The part I remember is the Institute's teacher said "We know what they'll identify -- everyone always comes up with the same 5 values, perhaps with slightly different names." But they found that if they walked in and told people that these were the essential 5 core values of their organization, nobody would buy in to the rest of the curriculum.

Funny that a step (identifying the values of the organization) that might turn out to be unnecessary if the expert's expertise is real can be so fundamental to adoption and acceptance.

Excellent connections. What I think of in reading this is the Socratic Method and that people much prefer solutions that they develop themselves, rather than those that are handed to them on a silver platter. Even if they would be the same.

James Grey said:

Good discussion. I'm interested in the concept of relatioships in the context of best practice transfer. We have events where experts are gathered at various plants to delve into the current condition and recommend improvements. Uptake of these is variable and, I think, this has a lot to do with the acceptance of experts critiquing what people at the plant may hold dear.

Any thoughts on techniques or tactics we could use to reduce this effect in a fairly short period of time (one week or so)?
Thanks,
James.

@James
Based on the discussion on the webinar and since then - and based on my own experience - I have two initial thoughts. 1) The experts need to have some level of trust with the plant operators. Without that, the operators are unlikely to talk at any deep level about what is happening in the plants. 2) Letting people (the operators) talk is always a good idea.

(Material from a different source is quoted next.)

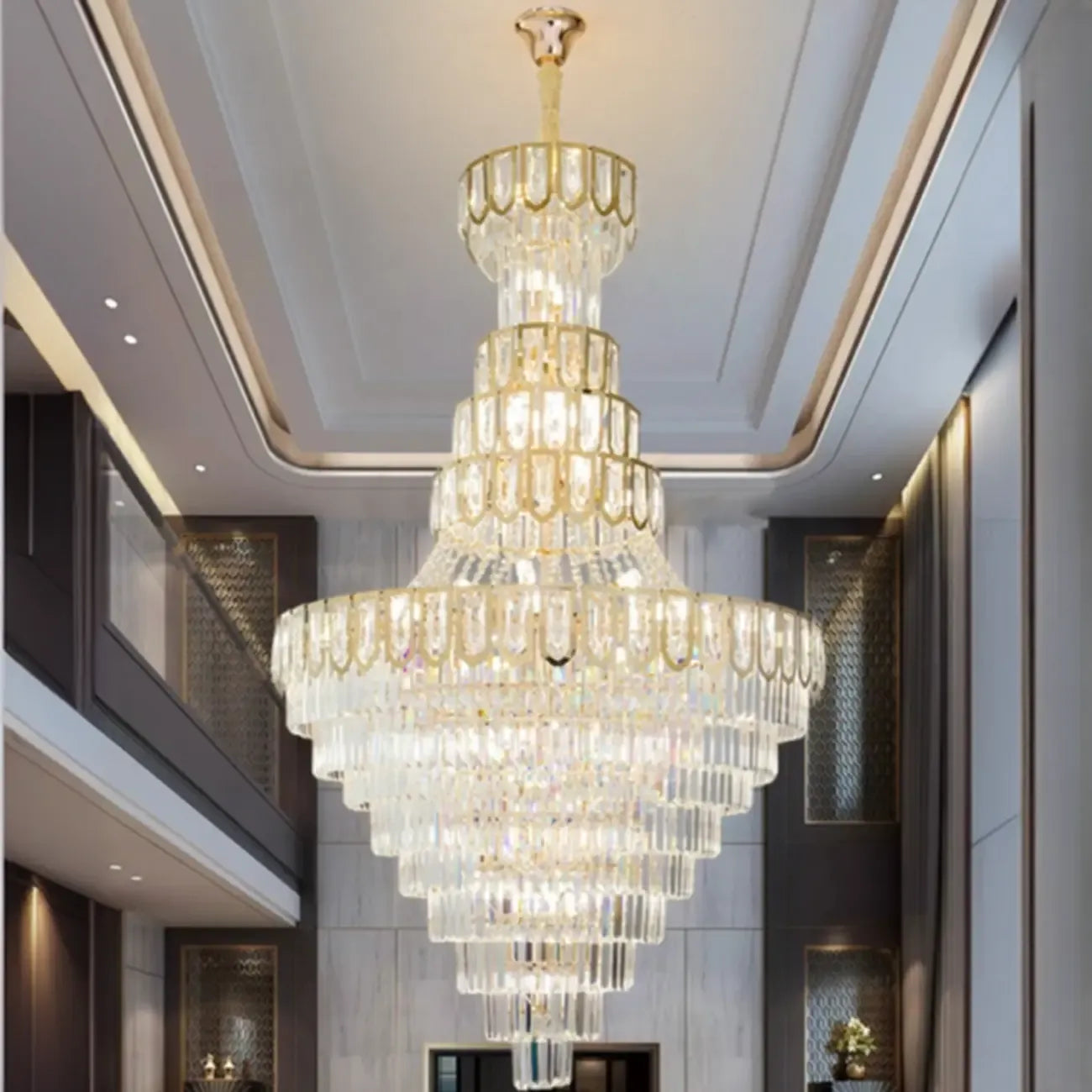 Lustre de plafond haut de gamme à plusieurs niveaux en cristal doré réglable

I suspect this idea may already be too late for what you are envisioningg. But it can't hurt to suggest: I wonder if the idea of "expert" could be turned on its head here: Have the outside experts bring in examples of problems at other plants; describe them in terms that the operators will understand; and ask the operators how they would solve these problems. Maybe with some good facilitation the "best practices" that already exist could be improved upon. Only toward the end of the discussion would it be worthwhile talking about the local situation.